The study began when Susana Ramos and Temitope Ademolue, both from the Instituto Gulbenkian de Ciência in Portugal, became interested heme’s role in malaria. They observed that mice infected with Plasmodium (either P. chaubadi chaubadi or P. falciparum) exhibited the same symptoms as humans infected with the parasites: They stopped eating and their blood sugar levels dropped along with their red blood cell counts. And as those red blood cells disappeared, the mice also stopped producing the genetic instructions for a key glucose-producing enzyme called G6PC1 in their liver cells.
The team speculated that heme might be responsible for decreasing glucose production in the liver. They found that injecting heme into normal mice recreated symptoms of Plasmodium infection, including low blood sugar levels. These mice stopped eating as well, cutting off their external source of glucose. When the scientists examined the genes expressed in liver cells during Plasmodium infection and after heme injection, they found similar changes to expression profiles, particularly for genes related to metabolism. “Heme groups . . . go to the liver, and they stop the liver from producing glucose,” Soares tells The Scientist.
“They nicely showed that heme, which is a product of the parasite, might be responsible for this down-regulation of hepatic glucose production,” says Van den Steen. Heme “appears to be a really important molecule and have a big effect on glucose production in the liver.”
Next, the researchers wanted to understand what effect the host’s low blood sugar had on the parasite.
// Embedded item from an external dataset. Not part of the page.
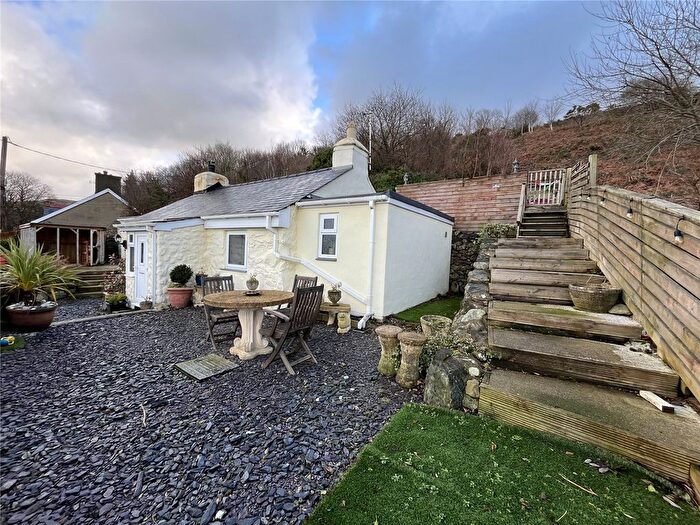2 Bedroom Cottage For Sale In Gyrn Goch, Caernarfon, Gwynedd, LL54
The researchers bred transgenic mice that don’t express the G6PC1 gene in the liver, meaning that they can’t produce glucose via this organ at all. In these mice, the number of infected red blood cells was lower than in control mice, indicating that low liver glucose production leads to conditions that are less favorable for P. falciparum.
To probe further, the researchers performed single cell mRNA sequencing on P. falciparum from the transgenic and control mice. The researchers found that in the absence of liver glucose production, Plasmodium starts producing gametes instead of blood cell–infecting copies of itself. It also stops actively transcribing so-called virulence genes, which are genes linked to disease.
“Plasmodium depends so much on glucose,” says Soares. Once the host’s glucose levels come down, the parasite “starts dying and needs to get out of this host. . . . What we found is that [it] activates a genetic program that allows it to go out,” he concludes.
Immunologist Dyann Wirth at the Harvard T.H. Chan School of Public Health, who didn’t work on the paper, says that it’s “quite interesting” and “a good addition to the literature,” but says that she’s unsure how applicable the mouse models are to humans. She’s concerned that the number of infected red blood cells in the mouse models is “very high compared to what occurs in most clinically relevant human infections.”
The researchers concede that their work needs to be confirmed in humans, but they say the findings might help improve treatment outcomes in the distant future. Soares speculates that the results indicate that it may “be difficult to treat people just by giving them glucose or not,” because delivering life-saving glucose might worsen the infection. And while he stresses that the work is basic research, he hopes that scientists can “adapt this knowledge and translate it” into future therapies.